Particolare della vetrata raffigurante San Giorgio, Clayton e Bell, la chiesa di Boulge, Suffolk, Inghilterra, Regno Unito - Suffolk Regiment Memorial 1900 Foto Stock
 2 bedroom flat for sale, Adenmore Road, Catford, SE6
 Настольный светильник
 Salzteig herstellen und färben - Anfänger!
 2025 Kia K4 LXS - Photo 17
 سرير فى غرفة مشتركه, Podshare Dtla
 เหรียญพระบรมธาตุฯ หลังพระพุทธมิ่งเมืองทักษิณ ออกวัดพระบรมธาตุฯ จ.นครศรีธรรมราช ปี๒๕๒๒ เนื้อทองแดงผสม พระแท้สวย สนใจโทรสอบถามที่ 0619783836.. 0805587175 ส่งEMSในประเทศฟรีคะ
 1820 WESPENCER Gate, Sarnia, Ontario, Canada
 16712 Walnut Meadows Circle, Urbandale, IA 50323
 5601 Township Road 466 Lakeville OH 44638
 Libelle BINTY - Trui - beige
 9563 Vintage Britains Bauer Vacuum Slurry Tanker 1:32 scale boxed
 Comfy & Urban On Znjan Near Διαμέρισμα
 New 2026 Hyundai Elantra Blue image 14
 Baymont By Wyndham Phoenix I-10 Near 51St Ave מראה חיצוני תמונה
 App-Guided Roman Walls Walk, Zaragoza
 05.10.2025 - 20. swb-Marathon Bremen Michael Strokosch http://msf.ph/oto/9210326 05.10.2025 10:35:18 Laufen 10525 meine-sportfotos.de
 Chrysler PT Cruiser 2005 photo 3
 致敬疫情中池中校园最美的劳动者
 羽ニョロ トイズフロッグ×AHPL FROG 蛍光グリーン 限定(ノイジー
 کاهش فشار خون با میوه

__GOAL OF THE EXERCISE__: Your answer should be each line from the preceding material in which the word "Near" occurs.

__SOLUTION__:
 Comfy & Urban On Znjan Near Διαμέρισμα
 Baymont By Wyndham Phoenix I-10 Near 51St Ave מראה חיצוני תמונה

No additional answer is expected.